CqlStorage creates wrong schema for Pig

2013-08-23 Thread Chad Johnston
(I'm using Cassandra 1.2.8 and Pig 0.11.1)

I'm loading some simple data from Cassandra into Pig using CqlStorage. The
CqlStorage loader defines a Pig schema based on the Cassandra schema, but
it seems to be wrong.

If I do:

data = LOAD 'cql://bookdata/books' USING CqlStorage();
DESCRIBE data;

I get this:

data: {isbn: chararray,bookauthor: chararray,booktitle:
chararray,publisher: chararray,yearofpublication: int}

However, if I DUMP data, I get results like these:

((isbn,0425093387),(bookauthor,Georgette Heyer),(booktitle,Death in the
Stocks),(publisher,Berkley Pub Group),(yearofpublication,1986))

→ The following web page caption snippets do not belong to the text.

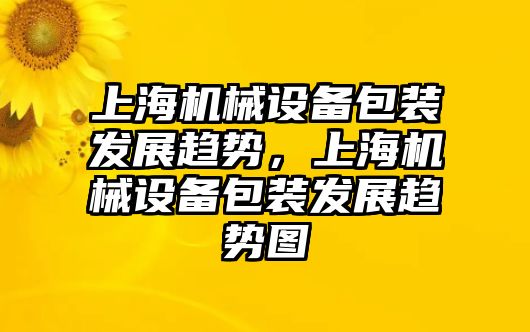 上海機械設備包裝發(fā)展趨勢，上海機械設備包裝發(fā)展趨勢圖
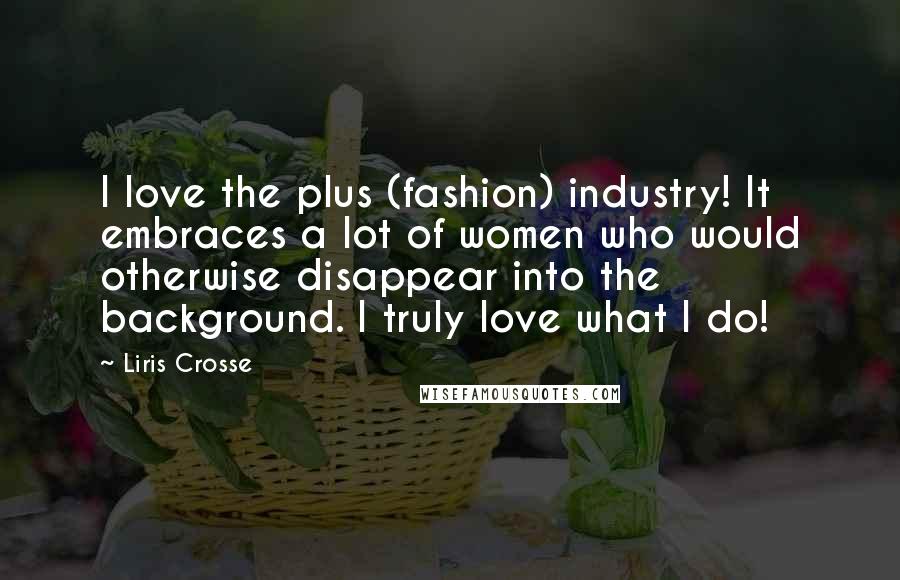 Liris Crosse Quotes: I love the plus (fashion) industry! It embraces a lot of women who would otherwise disappear into the background. I truly love what I do!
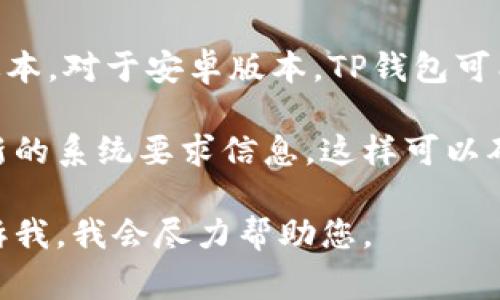TP钱包（TokenPocket）是一款支持多种区块链的移动钱包，通常有安卓和iOS版本。对于安卓版本，TP钱包可能会有一些最低的系统要求，但具体的版本要求可能会随着软件的更新而变化。

一般来说，建议查看TP钱包的官方网站或者应用商店中的介绍部分，以获取最新的系统要求信息。这样可以确保您的设备可以支持最新版本的TP钱包，并获得最佳的用户体验。

如果您对TP钱包的具体功能、使用方法或其他相关信息有任何疑问，也可以告诉我，我会尽力帮助您。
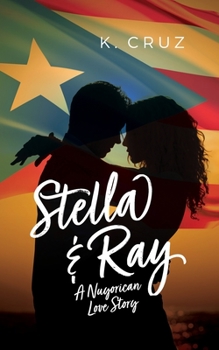 Paperback Stella & Ray: A Nuyorican Love Story Book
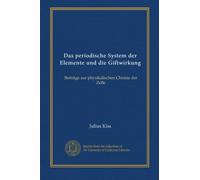 Das periodische System der Elemente und die Giftwirkung: Beiträge zur physikalischen Chemie der Zelle
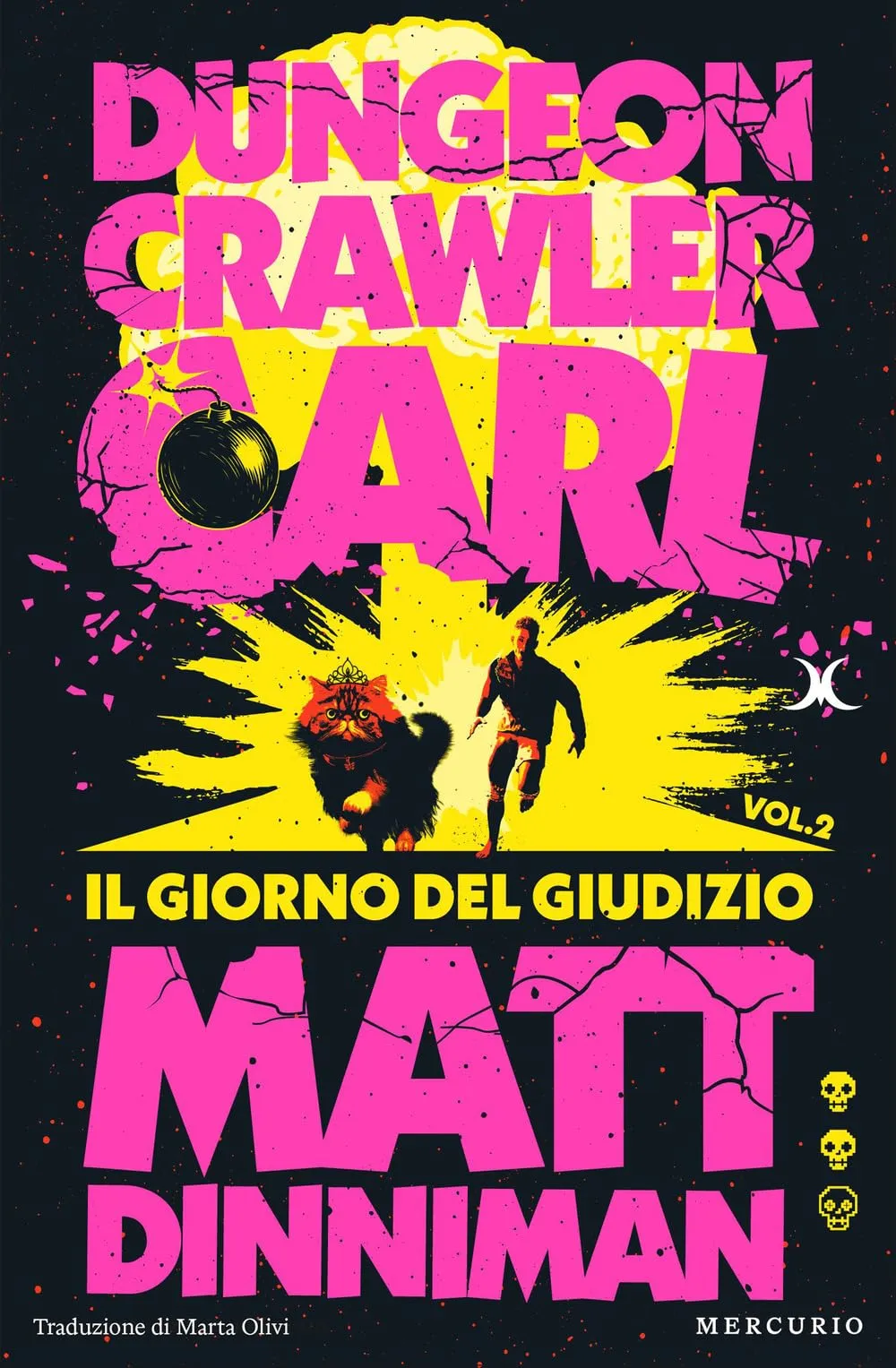 Il giorno del giudizio. Dungeon Crawler Carl: Vol. 2
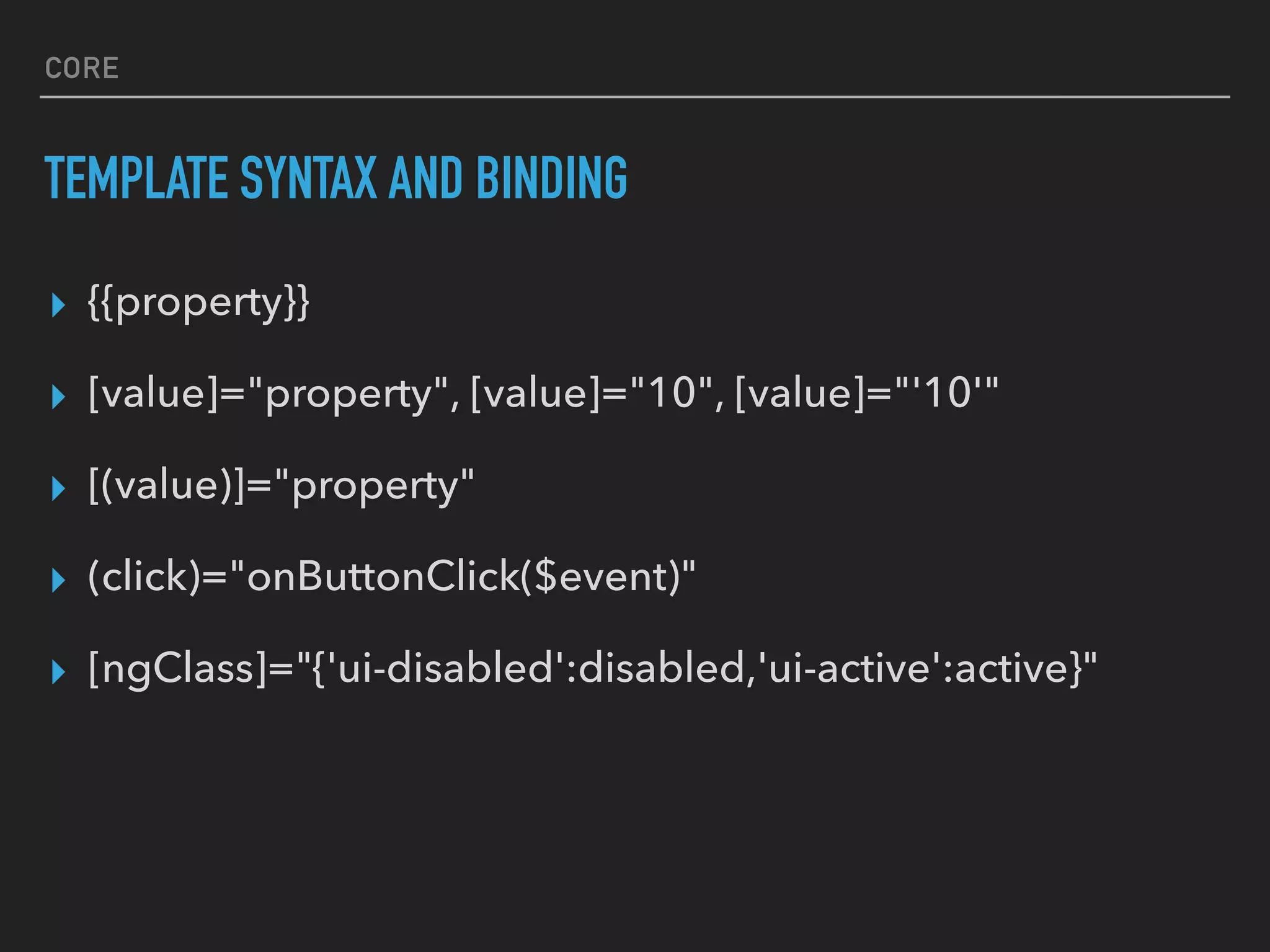 CORE
TEMPLATE SYNTAX AND BINDING
▸ {{property}}
▸ [value]="property", [value]="10", [value]="'10'"
▸ [(value)]="property"
▸ (click)="onButtonClick($event)"
▸ [ngClass]="{'ui-disabled':disabled,'ui-active':active}"
 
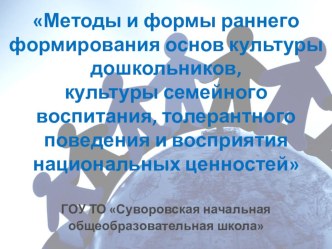 Методы и формы раннего формирования основ культуры дошкольников, культуры семейного воспитания, толерантного поведения и восприятия национальных ценностей консультация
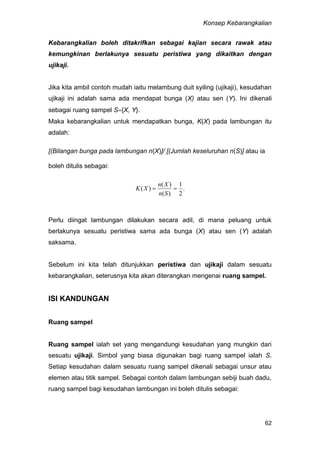 Konsep Kebarangkalian
62
Kebarangkalian boleh ditakrifkan sebagai kajian secara rawak atau
kemungkinan berlakunya sesuatu peristiwa yang dikaitkan dengan
ujikaji.
Jika kita ambil contoh mudah iaitu melambung duit syiling (ujikaji), kesudahan
ujikaji ini adalah sama ada mendapat bunga (X) atau sen (Y). Ini dikenali
sebagai ruang sampel S{X, Y}.
Maka kebarangkalian untuk mendapatkan bunga, K(X) pada lambungan itu
adalah:
[(Bilangan bunga pada lambungan n(X)]/ [(Jumlah keseluruhan n(S)] atau ia
boleh ditulis sebagai:
.
2
1
)(
)(
)( 
Sn
Xn
XK
Perlu diingat lambungan dilakukan secara adil, di mana peluang untuk
berlakunya sesuatu peristiwa sama ada bunga (X) atau sen (Y) adalah
saksama.
Sebelum ini kita telah ditunjukkan peristiwa dan ujikaji dalam sesuatu
kebarangkalian, seterusnya kita akan diterangkan mengenai ruang sampel.
ISI KANDUNGAN
Ruang sampel
Ruang sampel ialah set yang mengandungi kesudahan yang mungkin dari
sesuatu ujikaji. Simbol yang biasa digunakan bagi ruang sampel ialah S.
Setiap kesudahan dalam sesuatu ruang sampel dikenali sebagai unsur atau
elemen atau titik sampel. Sebagai contoh dalam lambungan sebiji buah dadu,
ruang sampel bagi kesudahan lambungan ini boleh ditulis sebagai:
 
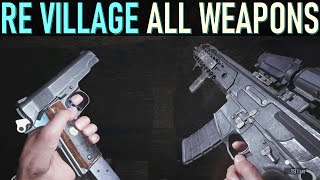 Resident Evil 8 Village All Weapons [upl. by Einoj817]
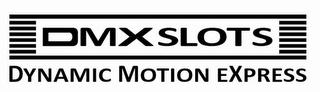 DMX SLOTS DYNAMIC MOTION EXPRESS logo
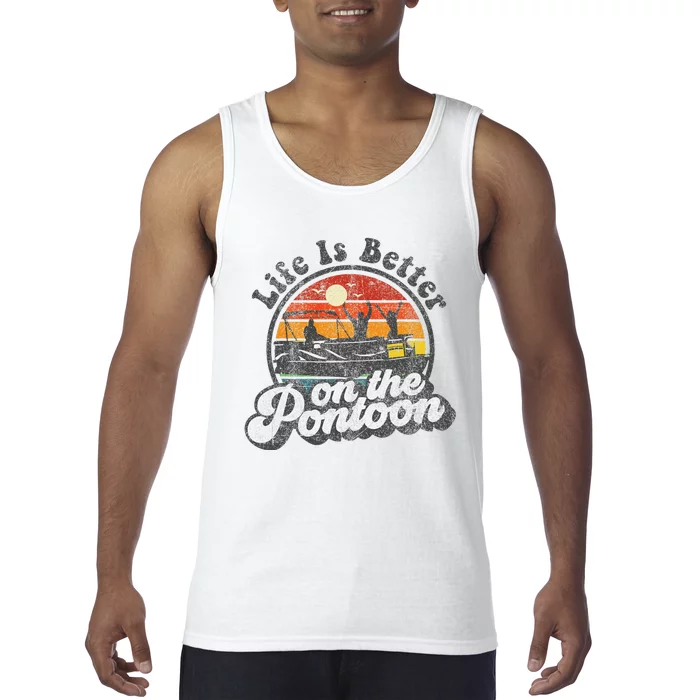 Life Is Better On The Pontoon Boat Funny Boating Lake Gift Tank Top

Clearly the results from Cassandra are key/value pairs, as would be
expected. I don't know why the schema generated by CqlStorage() would be so
different.

This is really causing me problems trying to access the column values. I
tried a naive approach of FLATTENing each tuple, then trying to access the
values that way:

flattened = FOREACH data GENERATE
  FLATTEN(isbn),
  FLATTEN(booktitle),
  ...
values = FOREACH flattened GENERATE
  $1 AS ISBN,
  $3 AS BookTitle,
  ...

As soon as I try to access field $5, Pig complains about the index being
out of bounds.

Is there a way to solve the schema/reality mismatch? Am I doing something
wrong, or have I stumbled across a defect?

Thanks,
Chad


Re: CqlStorage creates wrong schema for Pig

2013-08-30 Thread Chad Johnston
I threw together a quick UDF to work around this issue. It just extracts
the value portion of the tuple while taking advantage of the CqlStorage
generated schema to keep the type correct.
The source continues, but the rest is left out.